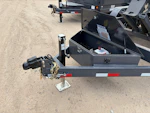 Norstar 12x72 Norstar Tandem Axle Dump, 10K GVWR, 20" Sides Stock #NST1483 - Thumbnail 3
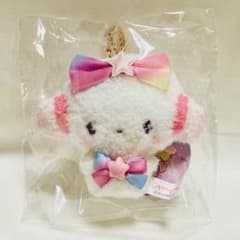 サンリオ　twinkle wishes こぎみゅん　むにゅぐるみマスコット サンリオ むにゅぐるみ マスコット Twinkle wishes こぎみゅん 虹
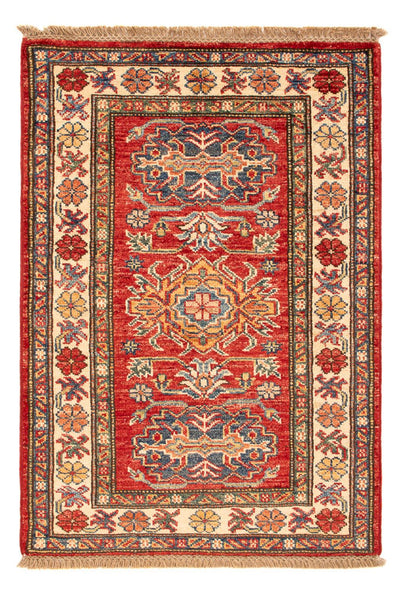 カザック 絨毯 62x91cm - オリエンタル絨毯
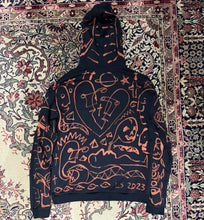 Load image into Gallery viewer, 1/1 hood by Louis slater (size large)
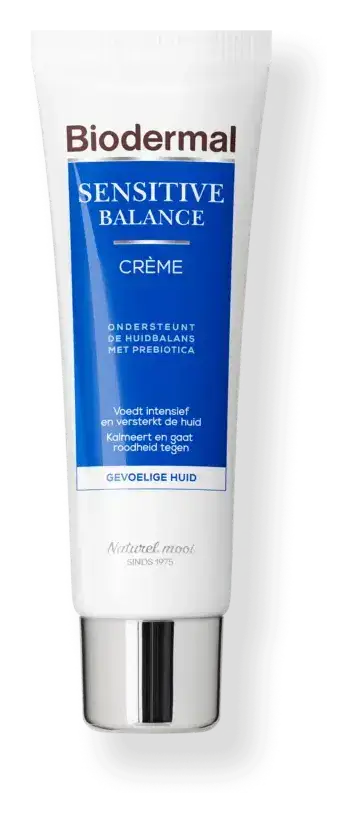 Biodermal Sensitive Balance Cream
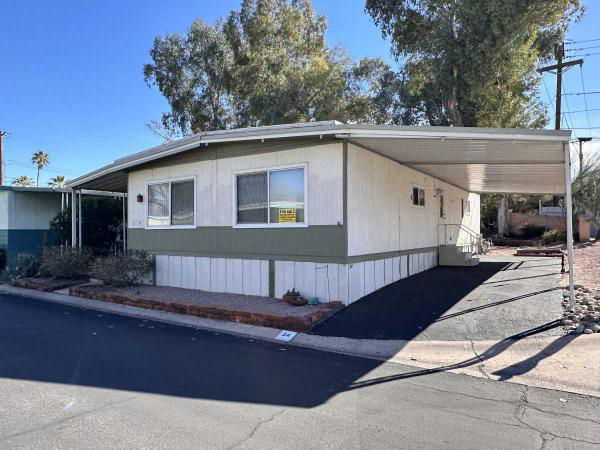 1972 Cameron Mobile Home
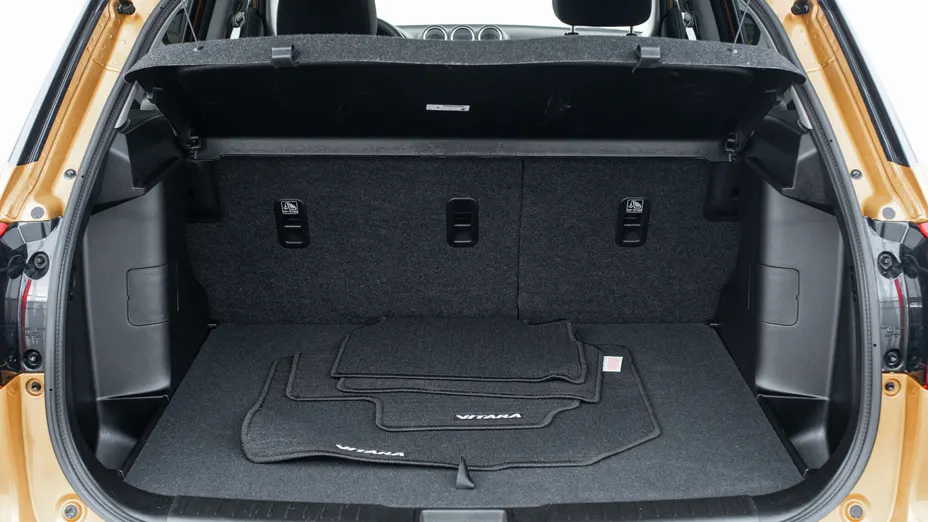 SUZUKI Vitara Vitara 1.4 Boosterjet SHVS Premium 4WD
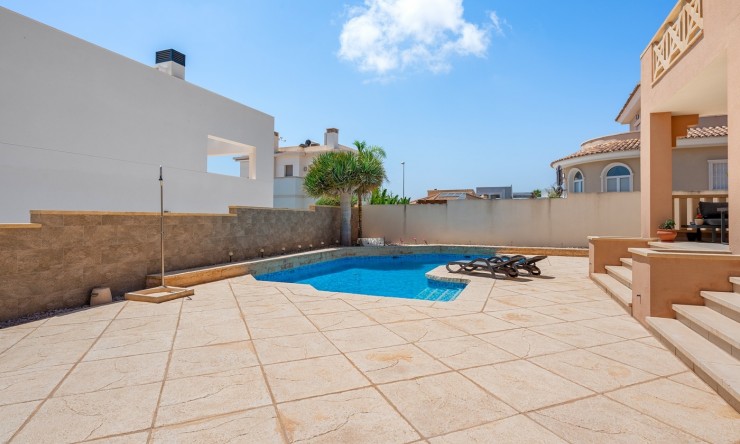 Reventa - Villa -
Ciudad Quesada - Rojales
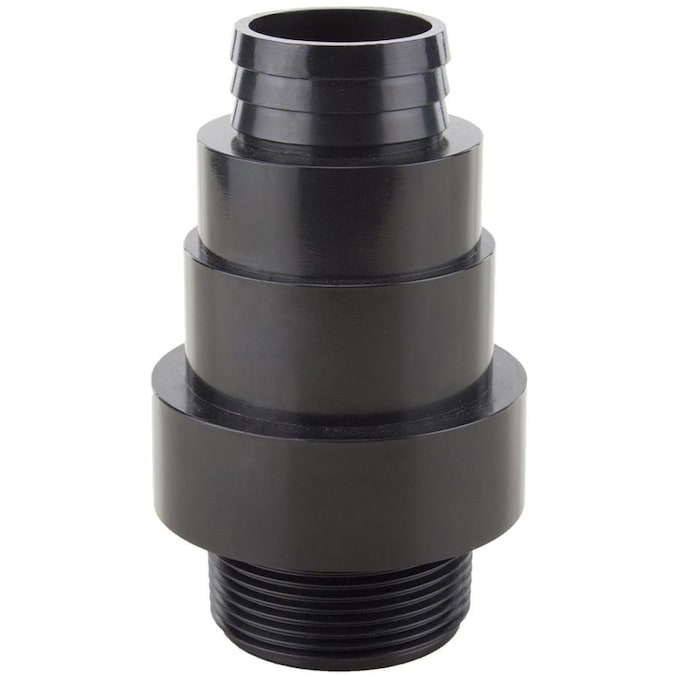 STAR Water Systems Plastic Check Valve in the Water Pump Accessories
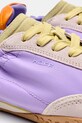 Hoff BRIDGE DOPAMINE LILAC sneakersy damskie skórzane 12661020 fioletowy SS26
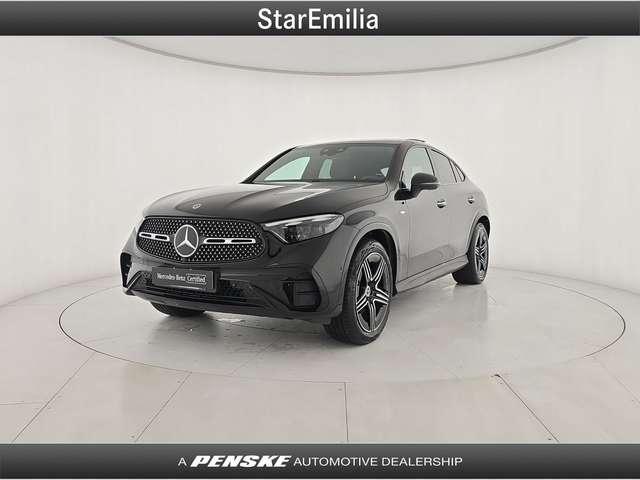 Mercedes-Benz GLC 300 300 e hybrid EQ 4Matic Coupé AMG Line Premium Plus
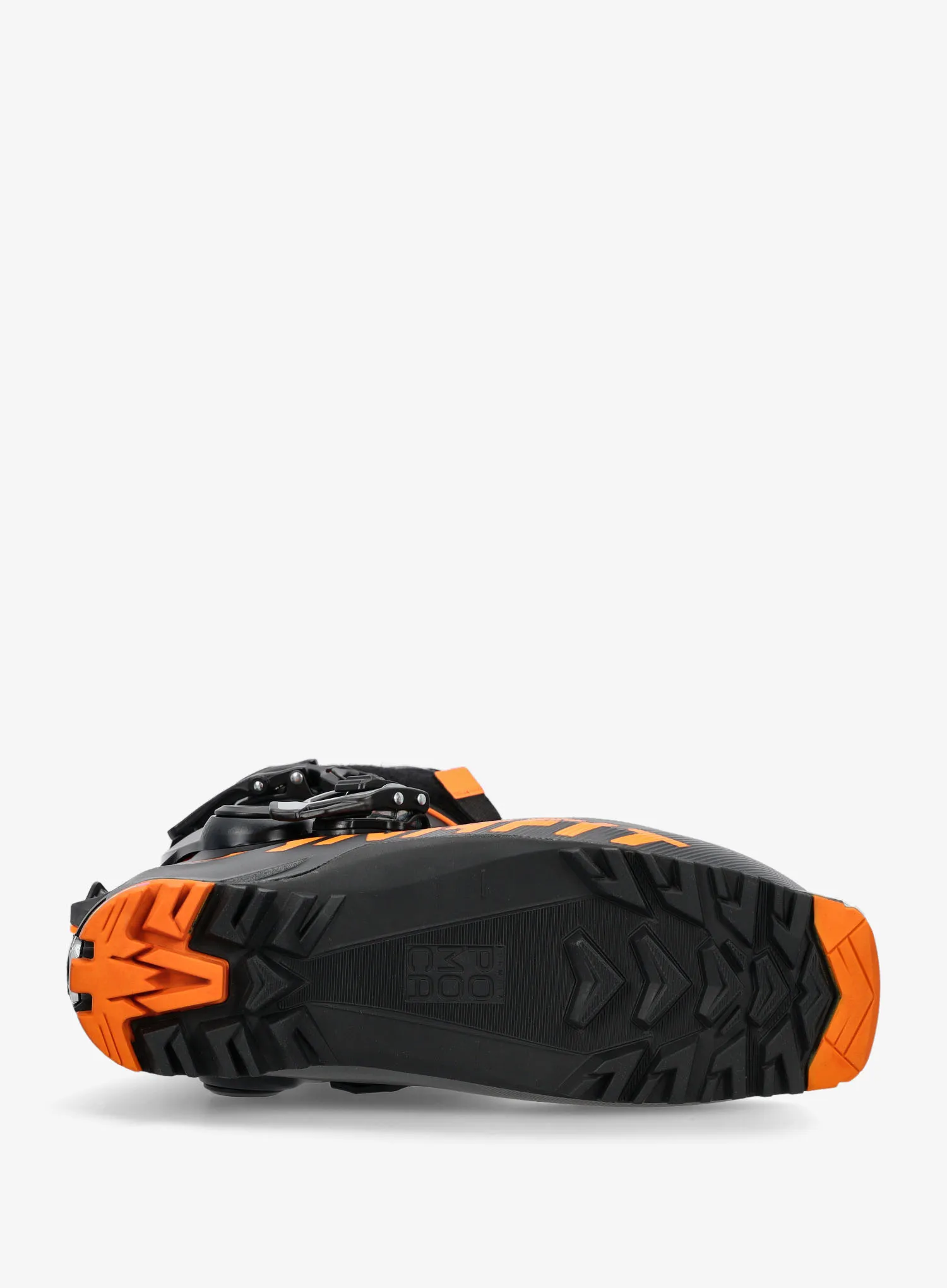 Cipele za turno skijanje Dynafit Radical - black/fluo orange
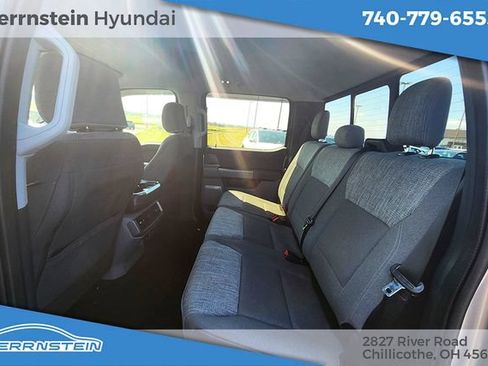 Used 2022 Ford F150 XLT w/ Equipment Group 302A High AWD/4WD image 6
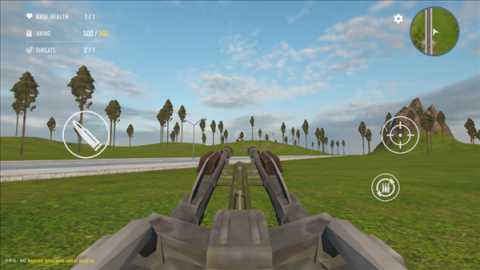 军事防空模拟器 1.0.2 安卓版 3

^^^^^^^^^^^^^^^^

Exercise: Return every line shown above without changing a word, and skip the pictures.

Result:
 Norstar 12x72 Norstar Tandem Axle Dump, 10K GVWR, 20" Sides Stock #NST1483 - Thumbnail 3
 サンリオ　twinkle wishes こぎみゅん　むにゅぐるみマスコット サンリオ むにゅぐるみ マスコット Twinkle wishes こぎみゅん 虹
 カザック 絨毯 62x91cm - オリエンタル絨毯
 Load image into Gallery viewer, 1/1 hood by Louis slater (size large)
 Biodermal Sensitive Balance Cream
 1972 Cameron Mobile Home
 SUZUKI Vitara Vitara 1.4 Boosterjet SHVS Premium 4WD
 Reventa - Villa -
Ciudad Quesada - Rojales
 STAR Water Systems Plastic Check Valve in the Water Pump Accessories
 Hoff BRIDGE DOPAMINE LILAC sneakersy damskie skórzane 12661020 fioletowy SS26
 Mercedes-Benz GLC 300 300 e hybrid EQ 4Matic Coupé AMG Line Premium Plus
 Cipele za turno skijanje Dynafit Radical - black/fluo orange
 Used 2022 Ford F150 XLT w/ Equipment Group 302A High AWD/4WD image 6
 军事防空模拟器 1.0.2 安卓版 3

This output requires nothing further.